Team Girls’ Night Out had come to a safe conclusion. And it was getting closer to dawn. Luck could go back to being Jhara at this point.
That felt more personal. More weighty. Her power was near the climax. It needed a few pieces more. Then it would be as good as it could get.
“Good enough human.”
Jhara twisted around in surprise.
Fuzzy stood on the gravel ground. “I want to stay and help.”
Jhara hadn’t accounted for this. She was going to say no. But she was at a stage where more control would do more harm than good. It also meant factors far outside of her control would interject.
“Ah, crap,” she said. “I’m gonna have to work harder for the climax.”
Fuzzy tilted its cute little childish head.

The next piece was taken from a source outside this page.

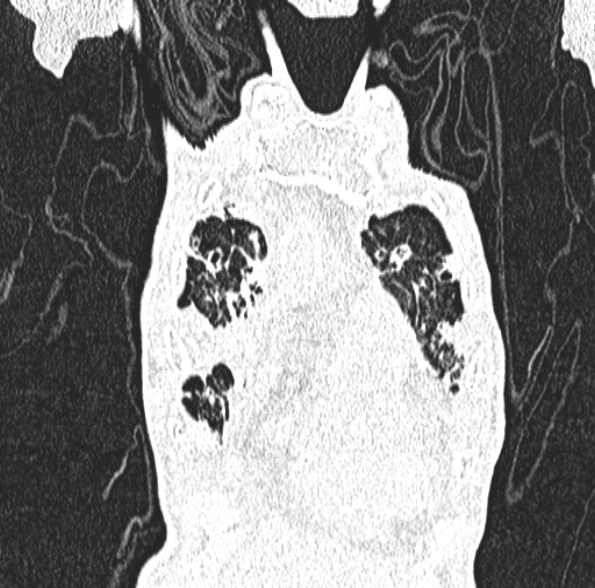 Aspergilloma- with Monod sign (Radiopaedia 44737-48532 Coronal lung window 137).jpg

Jhara waved for Fuzzy to fall in step. It bounced along with light magical hops and a flutter of its wings.
Jhara saw the bar Brown had mentioned, The Flaming Mother. It was more on the south quarter side than the east quarter side. Which was good. Staying in the south quarter where she scorched the Loussaints’ residence would help maintain all the power she had.
She was going to need it.
“Oh, Jean, ever since our son was born and you ran off, I’ve counted the years,” Jhara said, her eyes on the myriad skylights of a burning rainbow. “Seventeen of them.”